Nintendo has filed a patent for an exciting video game system with multiple, disconnected touchscreens, wirelessly linked to form a single interface. The U.S. patent application, published on April 12, was first discovered by Digital Trends.
The patent describes a “game system . . . provided with a plurality of information processing apparatuses that are capable of communicating with each other.” Basically, this means the patent is for wirelessly-linked screens use for gameplay.
Illustrations show switch-like displays
The patent is illustrated with images that show its "plurality of display units in combination with a high degree of freedom." The touchscreen systems in their illustrated form look a lot like the Nintendo Switch without the Joy-Cons.
The patent shows the screens in a variety of combinations with each other and how they calibrate their displays to show a unified game screen.
No limit on connected displays
The patent doesn’t limit the number of screens in the system and details how each system would include specific processing instructions and beacon hardware to daisy chain along with compatible siblings. Nintendo offers a glimpse into how this exciting development might work in real life.
The displays could be synchronized by a single smooth swipe across their screens to define the paired systems' specific orientation. But this wouldn’t work for screens not touching, so the patent also describes a real-time system that wirelessly transmits coordinates and calculates vectors.

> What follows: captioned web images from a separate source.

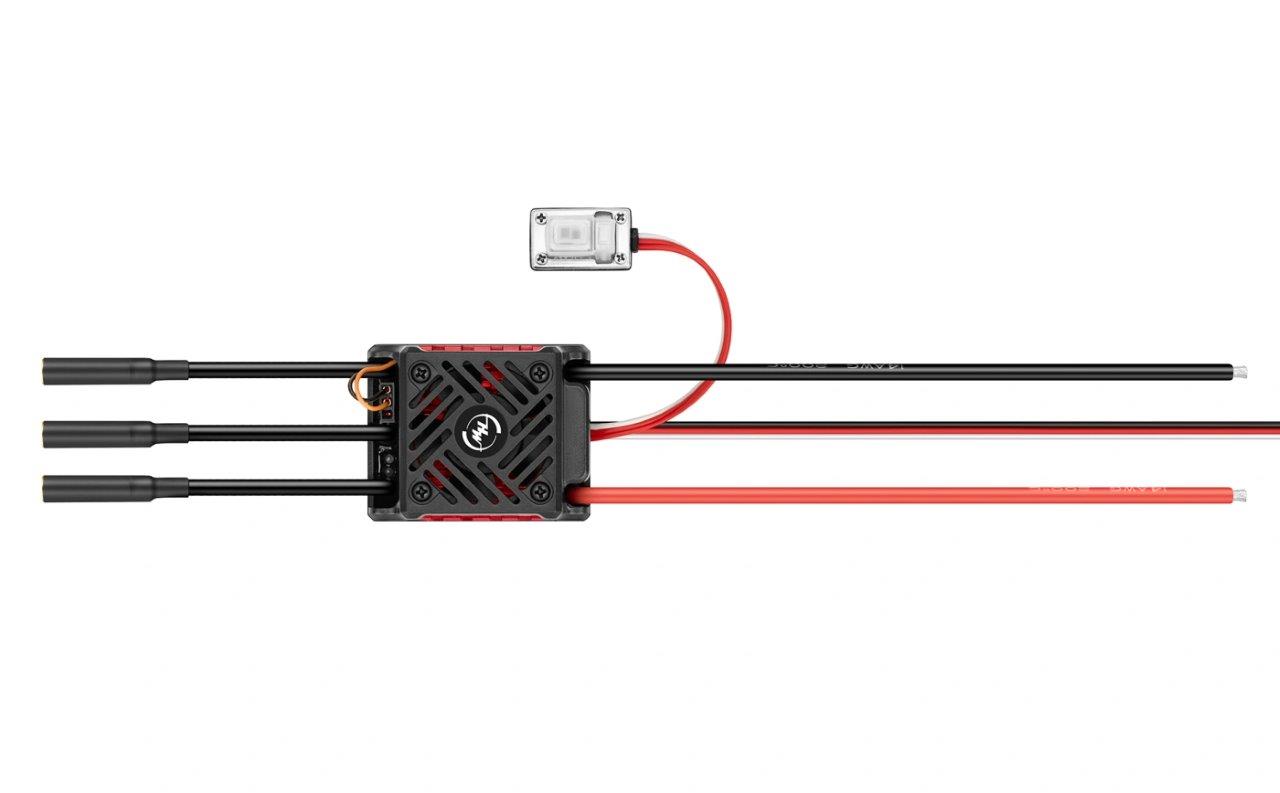 Hobbywing QuicRun Combo WP 10BL60 G2 - 3652SL 3250kV G2 1/10 Sensorlöst - 5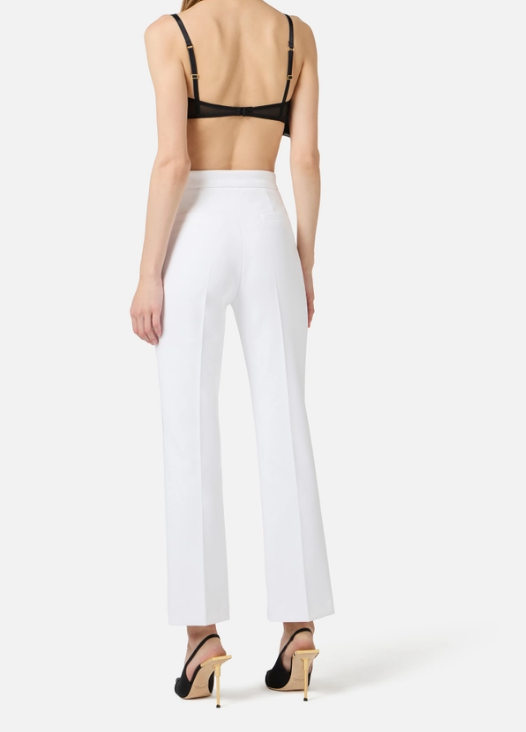 LOGO CHARM TROUSERS 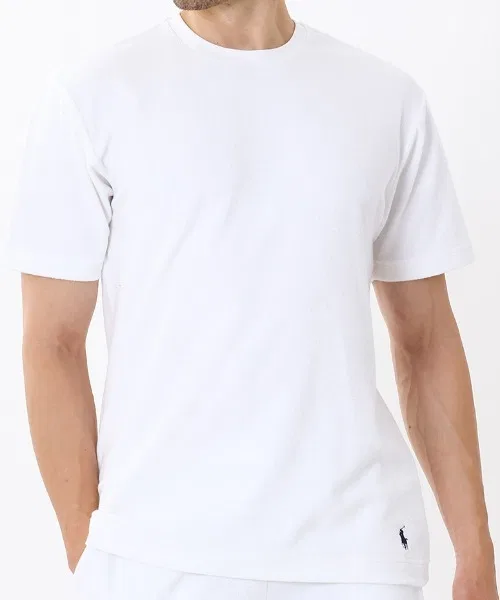 Унисекс футболка из хлопка Polo Ralph Lauren с вышивкой логотипа серая — фото 2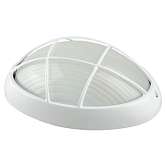 Светильник уличный влагозащищенный, цвет белый, 100Вт., СВЕТОЗАР "ПАРУС" SV-57303-W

In the patent illustrations the user is shown operating the system with their finger, however, the language of the patent also offers another possibility. It mentions possible camera-and-microphone addition for input as well as a possible operation by "an external apparatus."
Nintendo Labo launches this month
News of the patent comes just before Nintendo launches Nintendo Labo on April 20 in the U.S. and April 27 in Europe. Labo is described by Nintendo as a “new interactive experience” for Nintendo Switch. Labo is a “new line of interactive build-and-play experiences that combine DIY creations with the magic of Nintendo Switch.”
Essentially the Labo lets Nintendo Switch owners buy, then build cardboard models of real-world items like pains and motorbike handle. The Nintendo Switch screen and its Joy-Con controllers are then fitted to the model which allows the user to play games themed to the object.
Videos for the Labo and its related "Toy-Con Garage" concept show two Switches and two Joy-Cons talking to each other for a multi-screen mini-games. So Nintendo is clearly excited to move its gameplay in that direction.
New patent may take years of development
Any more details of the April 12 patent are unknown and it's unclear if Nintendo intends to actually produce a system based on the patent or if parts of the system could already be used with the existing Switch.